(Source data)
BEGIN
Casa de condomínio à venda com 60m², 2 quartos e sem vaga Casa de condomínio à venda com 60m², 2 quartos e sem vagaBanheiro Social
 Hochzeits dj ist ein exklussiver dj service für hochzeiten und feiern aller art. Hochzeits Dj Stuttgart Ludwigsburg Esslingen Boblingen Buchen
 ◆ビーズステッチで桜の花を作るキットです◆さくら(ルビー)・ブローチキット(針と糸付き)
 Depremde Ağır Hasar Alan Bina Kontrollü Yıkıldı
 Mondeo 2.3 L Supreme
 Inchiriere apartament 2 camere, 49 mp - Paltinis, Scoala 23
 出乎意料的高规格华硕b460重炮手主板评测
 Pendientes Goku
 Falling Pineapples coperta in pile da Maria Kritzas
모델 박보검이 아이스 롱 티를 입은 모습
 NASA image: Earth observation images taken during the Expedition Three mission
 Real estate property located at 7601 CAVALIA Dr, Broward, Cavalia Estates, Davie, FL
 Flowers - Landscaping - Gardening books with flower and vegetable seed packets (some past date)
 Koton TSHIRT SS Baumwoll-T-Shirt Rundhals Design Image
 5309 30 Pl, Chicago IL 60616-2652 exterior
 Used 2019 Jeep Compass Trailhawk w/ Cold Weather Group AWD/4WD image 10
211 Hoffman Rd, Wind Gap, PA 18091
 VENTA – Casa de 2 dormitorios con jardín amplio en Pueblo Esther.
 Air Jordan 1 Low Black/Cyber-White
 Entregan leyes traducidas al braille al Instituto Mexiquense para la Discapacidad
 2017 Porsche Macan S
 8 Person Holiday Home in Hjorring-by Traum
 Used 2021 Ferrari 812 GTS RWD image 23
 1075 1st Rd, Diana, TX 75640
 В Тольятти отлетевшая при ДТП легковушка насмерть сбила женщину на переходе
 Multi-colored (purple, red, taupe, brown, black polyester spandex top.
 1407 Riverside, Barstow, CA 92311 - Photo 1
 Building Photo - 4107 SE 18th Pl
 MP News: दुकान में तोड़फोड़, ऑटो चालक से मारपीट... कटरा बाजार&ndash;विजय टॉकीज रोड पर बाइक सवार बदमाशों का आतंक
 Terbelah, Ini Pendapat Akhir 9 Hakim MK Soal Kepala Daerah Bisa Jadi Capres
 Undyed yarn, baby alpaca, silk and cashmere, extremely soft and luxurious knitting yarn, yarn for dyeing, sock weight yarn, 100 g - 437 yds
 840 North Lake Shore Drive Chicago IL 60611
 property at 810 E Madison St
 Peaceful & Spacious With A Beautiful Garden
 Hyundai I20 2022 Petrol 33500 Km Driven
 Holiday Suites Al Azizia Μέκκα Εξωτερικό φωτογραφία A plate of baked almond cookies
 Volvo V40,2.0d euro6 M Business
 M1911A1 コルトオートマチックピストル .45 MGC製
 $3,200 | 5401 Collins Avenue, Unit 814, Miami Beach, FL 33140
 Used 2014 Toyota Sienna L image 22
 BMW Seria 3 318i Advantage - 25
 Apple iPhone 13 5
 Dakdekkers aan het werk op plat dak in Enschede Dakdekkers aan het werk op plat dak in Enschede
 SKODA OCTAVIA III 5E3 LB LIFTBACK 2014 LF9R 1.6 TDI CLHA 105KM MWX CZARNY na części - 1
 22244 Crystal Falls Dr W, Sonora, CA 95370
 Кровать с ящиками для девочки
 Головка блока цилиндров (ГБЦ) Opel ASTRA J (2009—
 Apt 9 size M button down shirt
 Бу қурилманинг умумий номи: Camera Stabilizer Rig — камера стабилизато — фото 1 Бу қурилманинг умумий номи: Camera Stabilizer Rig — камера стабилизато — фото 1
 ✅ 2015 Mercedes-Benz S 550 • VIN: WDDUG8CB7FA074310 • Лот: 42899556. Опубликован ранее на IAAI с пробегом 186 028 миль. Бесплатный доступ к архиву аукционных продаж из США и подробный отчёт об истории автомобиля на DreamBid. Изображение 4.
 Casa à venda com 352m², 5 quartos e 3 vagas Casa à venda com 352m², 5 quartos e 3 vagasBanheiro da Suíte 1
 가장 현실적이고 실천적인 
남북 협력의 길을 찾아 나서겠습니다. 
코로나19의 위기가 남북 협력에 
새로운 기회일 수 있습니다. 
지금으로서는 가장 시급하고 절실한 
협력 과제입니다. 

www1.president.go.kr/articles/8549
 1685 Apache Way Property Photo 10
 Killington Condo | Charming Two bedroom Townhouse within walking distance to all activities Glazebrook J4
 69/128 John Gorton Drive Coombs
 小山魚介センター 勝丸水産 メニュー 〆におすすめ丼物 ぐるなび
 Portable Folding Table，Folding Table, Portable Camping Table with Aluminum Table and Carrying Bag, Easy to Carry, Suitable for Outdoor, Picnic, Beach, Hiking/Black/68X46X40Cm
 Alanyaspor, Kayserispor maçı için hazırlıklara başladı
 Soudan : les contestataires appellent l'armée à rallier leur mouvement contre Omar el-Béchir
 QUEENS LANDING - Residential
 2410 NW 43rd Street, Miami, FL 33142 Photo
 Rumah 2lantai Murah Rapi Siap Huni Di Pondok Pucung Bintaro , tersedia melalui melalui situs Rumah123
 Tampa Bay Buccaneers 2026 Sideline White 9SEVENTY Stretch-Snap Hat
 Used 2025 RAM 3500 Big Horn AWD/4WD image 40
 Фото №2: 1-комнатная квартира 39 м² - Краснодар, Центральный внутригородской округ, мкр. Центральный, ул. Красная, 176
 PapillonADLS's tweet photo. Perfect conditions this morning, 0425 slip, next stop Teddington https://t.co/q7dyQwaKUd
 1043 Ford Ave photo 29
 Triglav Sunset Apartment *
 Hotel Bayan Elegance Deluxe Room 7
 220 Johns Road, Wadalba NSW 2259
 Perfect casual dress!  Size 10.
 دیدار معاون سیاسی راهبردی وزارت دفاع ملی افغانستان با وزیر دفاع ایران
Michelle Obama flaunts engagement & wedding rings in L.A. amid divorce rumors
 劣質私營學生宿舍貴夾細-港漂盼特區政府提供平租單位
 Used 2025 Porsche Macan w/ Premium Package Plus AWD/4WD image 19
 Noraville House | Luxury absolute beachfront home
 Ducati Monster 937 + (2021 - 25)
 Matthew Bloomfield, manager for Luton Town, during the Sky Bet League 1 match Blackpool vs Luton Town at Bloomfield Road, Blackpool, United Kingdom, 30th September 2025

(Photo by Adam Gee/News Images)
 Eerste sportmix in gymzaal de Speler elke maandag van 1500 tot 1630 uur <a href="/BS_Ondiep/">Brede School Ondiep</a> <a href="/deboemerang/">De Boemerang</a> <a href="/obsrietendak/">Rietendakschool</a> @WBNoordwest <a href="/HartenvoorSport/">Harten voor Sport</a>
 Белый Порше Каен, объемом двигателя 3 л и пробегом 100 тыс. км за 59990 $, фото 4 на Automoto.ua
END
▸ Task goal:
Take the records above and return, word for word, only the lines that fall from the line with "Peaceful & Spacious With A Beautiful Garden" to the line with "Used 2025 RAM 3500 Big Horn AWD/4WD image 40", both of them included.

▸ Reply:
 Peaceful & Spacious With A Beautiful Garden
 Hyundai I20 2022 Petrol 33500 Km Driven
 Holiday Suites Al Azizia Μέκκα Εξωτερικό φωτογραφία A plate of baked almond cookies
 Volvo V40,2.0d euro6 M Business
 M1911A1 コルトオートマチックピストル .45 MGC製
 $3,200 | 5401 Collins Avenue, Unit 814, Miami Beach, FL 33140
 Used 2014 Toyota Sienna L image 22
 BMW Seria 3 318i Advantage - 25
 Apple iPhone 13 5
 Dakdekkers aan het werk op plat dak in Enschede Dakdekkers aan het werk op plat dak in Enschede
 SKODA OCTAVIA III 5E3 LB LIFTBACK 2014 LF9R 1.6 TDI CLHA 105KM MWX CZARNY na części - 1
 22244 Crystal Falls Dr W, Sonora, CA 95370
 Кровать с ящиками для девочки
 Головка блока цилиндров (ГБЦ) Opel ASTRA J (2009—
 Apt 9 size M button down shirt
 Бу қурилманинг умумий номи: Camera Stabilizer Rig — камера стабилизато — фото 1 Бу қурилманинг умумий номи: Camera Stabilizer Rig — камера стабилизато — фото 1
 ✅ 2015 Mercedes-Benz S 550 • VIN: WDDUG8CB7FA074310 • Лот: 42899556. Опубликован ранее на IAAI с пробегом 186 028 миль. Бесплатный доступ к архиву аукционных продаж из США и подробный отчёт об истории автомобиля на DreamBid. Изображение 4.
 Casa à venda com 352m², 5 quartos e 3 vagas Casa à venda com 352m², 5 quartos e 3 vagasBanheiro da Suíte 1
 가장 현실적이고 실천적인 
남북 협력의 길을 찾아 나서겠습니다. 
코로나19의 위기가 남북 협력에 
새로운 기회일 수 있습니다. 
지금으로서는 가장 시급하고 절실한 
협력 과제입니다. 

www1.president.go.kr/articles/8549
 1685 Apache Way Property Photo 10
 Killington Condo | Charming Two bedroom Townhouse within walking distance to all activities Glazebrook J4
 69/128 John Gorton Drive Coombs
 小山魚介センター 勝丸水産 メニュー 〆におすすめ丼物 ぐるなび
 Portable Folding Table，Folding Table, Portable Camping Table with Aluminum Table and Carrying Bag, Easy to Carry, Suitable for Outdoor, Picnic, Beach, Hiking/Black/68X46X40Cm
 Alanyaspor, Kayserispor maçı için hazırlıklara başladı
 Soudan : les contestataires appellent l'armée à rallier leur mouvement contre Omar el-Béchir
 QUEENS LANDING - Residential
 2410 NW 43rd Street, Miami, FL 33142 Photo
 Rumah 2lantai Murah Rapi Siap Huni Di Pondok Pucung Bintaro , tersedia melalui melalui situs Rumah123
 Tampa Bay Buccaneers 2026 Sideline White 9SEVENTY Stretch-Snap Hat
 Used 2025 RAM 3500 Big Horn AWD/4WD image 40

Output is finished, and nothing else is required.